Segment Start: MATERIAL SUPPLIED

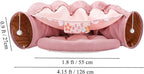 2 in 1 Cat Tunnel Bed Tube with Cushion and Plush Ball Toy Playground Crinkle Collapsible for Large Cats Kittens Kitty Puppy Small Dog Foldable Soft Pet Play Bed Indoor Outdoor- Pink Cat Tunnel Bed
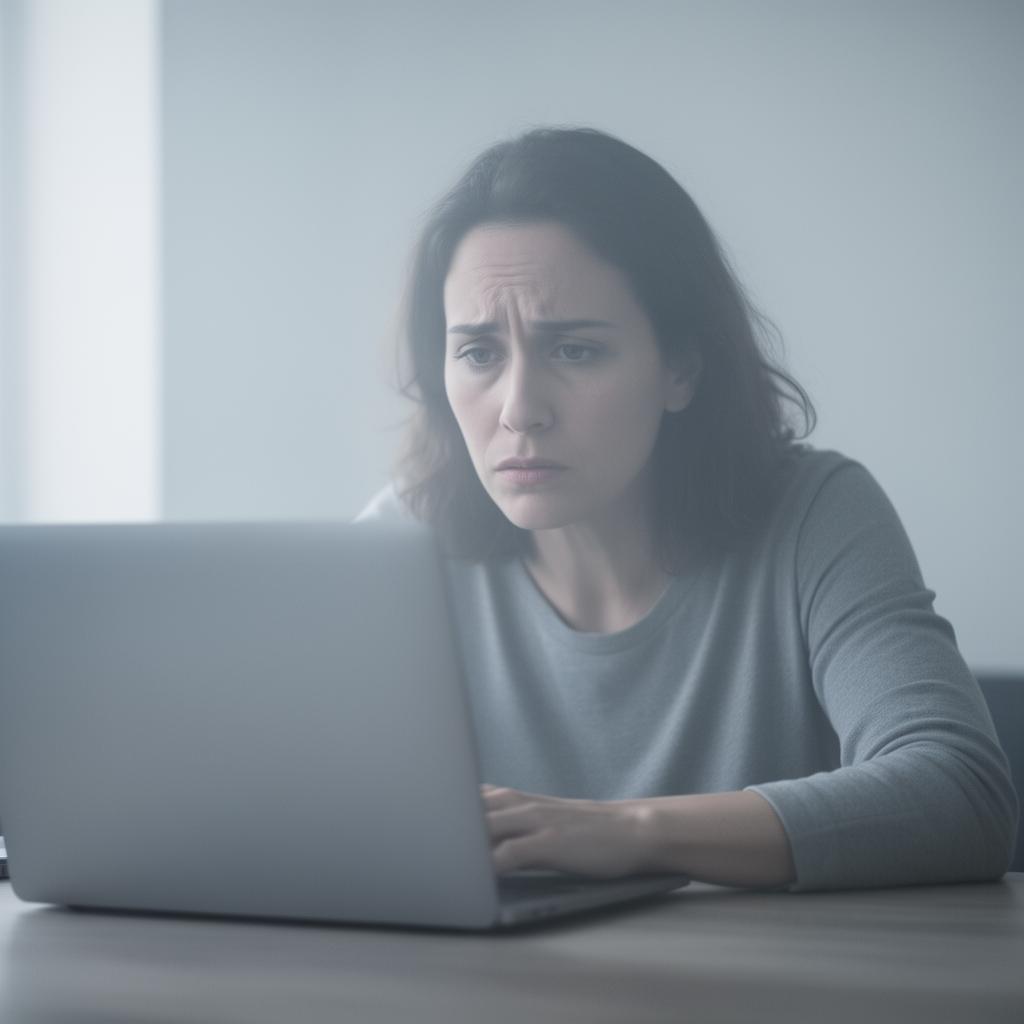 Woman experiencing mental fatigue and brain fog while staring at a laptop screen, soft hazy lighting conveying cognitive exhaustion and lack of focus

Segment End: MATERIAL SUPPLIED
Segment Start: MATERIAL SUPPLIED

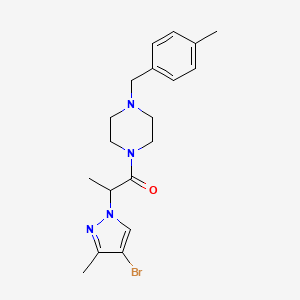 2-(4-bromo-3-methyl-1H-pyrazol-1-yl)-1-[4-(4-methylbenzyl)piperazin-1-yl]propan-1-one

Segment End: MATERIAL SUPPLIED

TASK REQUIREMENTS:
Although the records above contain pictures, the copy should not; retype exactly the lines from the one containing "2 in 1 Cat Tunnel" through the one containing "Woman experiencing mental".

WRITTEN SOLUTION:
 2 in 1 Cat Tunnel Bed Tube with Cushion and Plush Ball Toy Playground Crinkle Collapsible for Large Cats Kittens Kitty Puppy Small Dog Foldable Soft Pet Play Bed Indoor Outdoor- Pink Cat Tunnel Bed
 Woman experiencing mental fatigue and brain fog while staring at a laptop screen, soft hazy lighting conveying cognitive exhaustion and lack of focus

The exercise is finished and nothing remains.